Bali - Traumstrände, Traumlandschaften und vor allem ... Traumstraßen

Erschienen im TOURENFAHRER Dezember 2012


 

Auf Bali gibt es viel zu entdecken. Neben Traumstränden, Traumlandschaften gibt es jede Menge Traumstraßen. Karl Spiegel (Text und Bilder) und Bärbel Müllner (Bilder) erlebten auf 200 cm³ ein wahres Motorradparadies.

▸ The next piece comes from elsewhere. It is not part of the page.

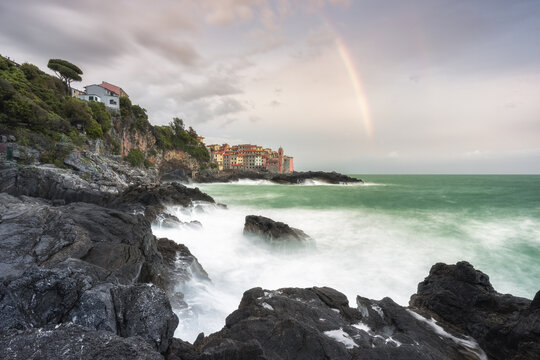 View of waves crashing against the rocky shore under a pastel sky with a faint rainbow arcing over the village, Tellaro, Liguria, Italy.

Nach zwei Tagen zu Fuß im Künstler- und Ferienort Ubud, endlich heute der große Tag. Wir holen unser bereits in Deutschland übers Internet bestelltes Motorrad ab. Was im Internet nach einer größeren Firma ausgesehen hat, entpuppt sich als kleiner Laden, der neben der Moped und Motorradvermietung, auch noch Touren und Immobilien anbietet. Aber für Bali ist dies ein großer Laden, wir müssen einfach mal die europäischen Maßstäbe über Bord werfen. Doch der erste Eindruck beruhigt alle europäischen Nerven wieder. Eine nagelneue Maschine, mit gerade einmal 51 km, steht vor uns. Eine Honda Tiger mit 200 cm³ aus indonesischer Produktion. Jetzt noch schnell unsere aus Deutschland mitgebrachten Helme und Handschuhe anziehen und es kann losgehen.

 

Der Verkehr ist nur halb so chaotisch, wie uns dies alle Reiseführer weismachen wollen. Zunächst werden wir an einem leichten Berg gleich mehrfach „abgehängt“. Aber an 1.000 cm³ weniger als zuhause, muss man sich erst mal gewöhnen. Straßenschilder rund um Ubud sind recht selten und meist an lustigen Positionen befestigt oder sind längst von Pflanzen überwuchert. Bei der Orientierung hilft nur die gute alte Landkarte und natürlich das Fragen. Zunächst führt uns eine vielbefahrene, kerzengerade Straße in die Hochburg der Holzschnitzerei nach Mas.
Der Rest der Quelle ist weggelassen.